The long-awaited U.S. premiere of Dino Risi’s Una Vita Difficile, starring one of the most beloved of all Italian actors, Alberto Sordi (Mafioso, Il Boom, Fellini’s The White Sheik and I Vitelloni, etc.), was greeted with big crowds and admiring reviews when Rialto Pictures opened its restoration in New York last month.

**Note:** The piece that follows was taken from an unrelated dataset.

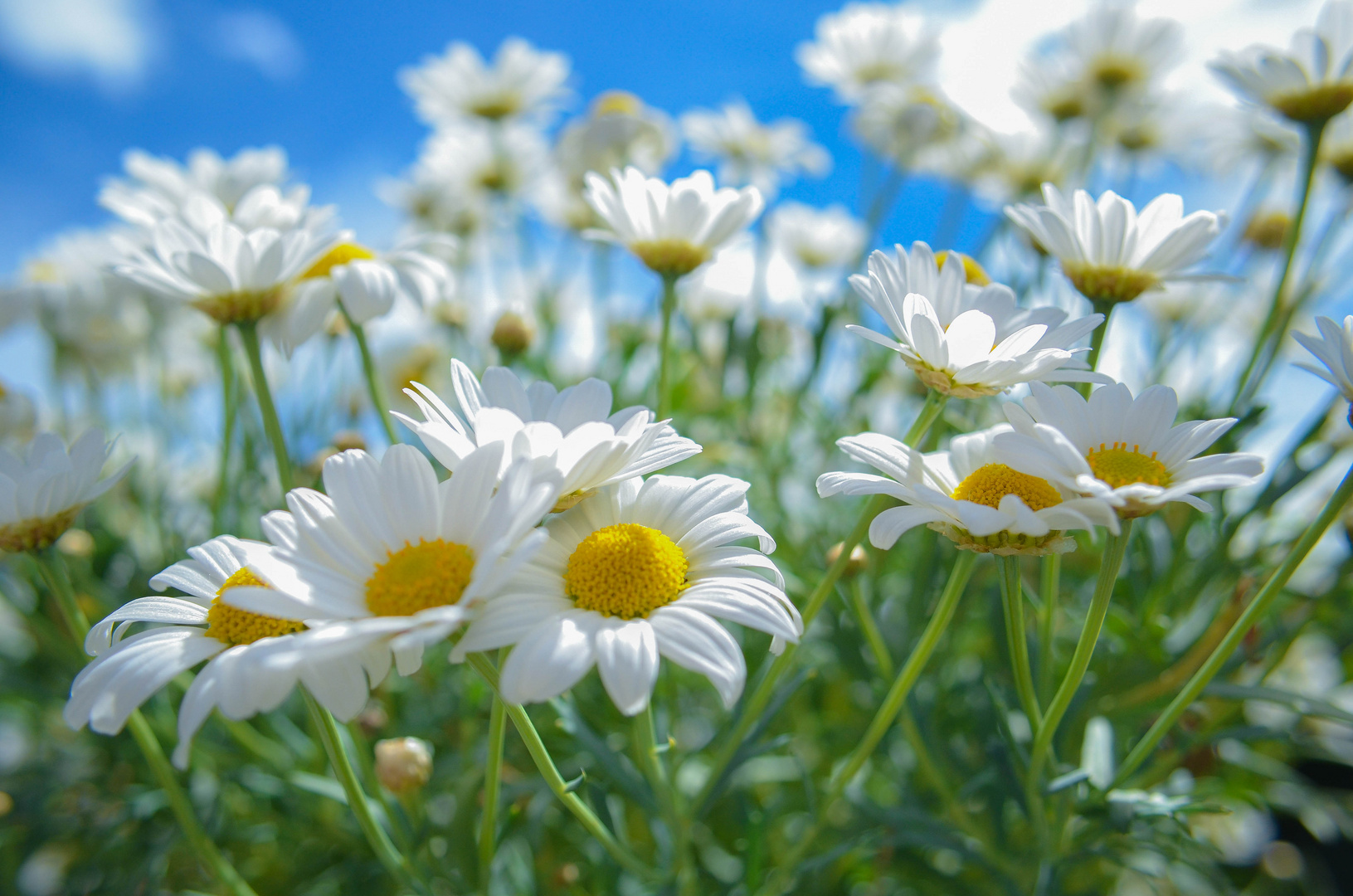 Viele Margeriten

Laemmle Theatres opens the film about a resistance fighter-turned-journalist and his wife (Lea Massari) navigating life in post-war Italy on Friday, March 17 at the Royal and Town Center and March 24 at the Monica Film Center and Laemmle Glendale.
The New York Times’ critic A.O. Scott hailed it as “a stellar specimen of commedia all’italiana.” In his review for Air Mail, Michael Sragow proclaimed, “Alberto Sordi triumphs at jet-black comedy…(he’s) Jack Lemmon and Walter Matthau in their prime, rolled into one.”
In Italy, Una Vita Difficile has long been cherished as a highlight of the 1950s and 60s golden age of Italian comedy, which also gave the world Big Deal on Madonna Street, Divorce Italian Style, Mafioso, Yesterday, Today and Tomorrow, and Risi’s own Il Sorpasso (made the year after Una Vita Difficile). While these and others were major arthouse hits in the U.S., Una Vita Difficile was inexplicably never released here…until now.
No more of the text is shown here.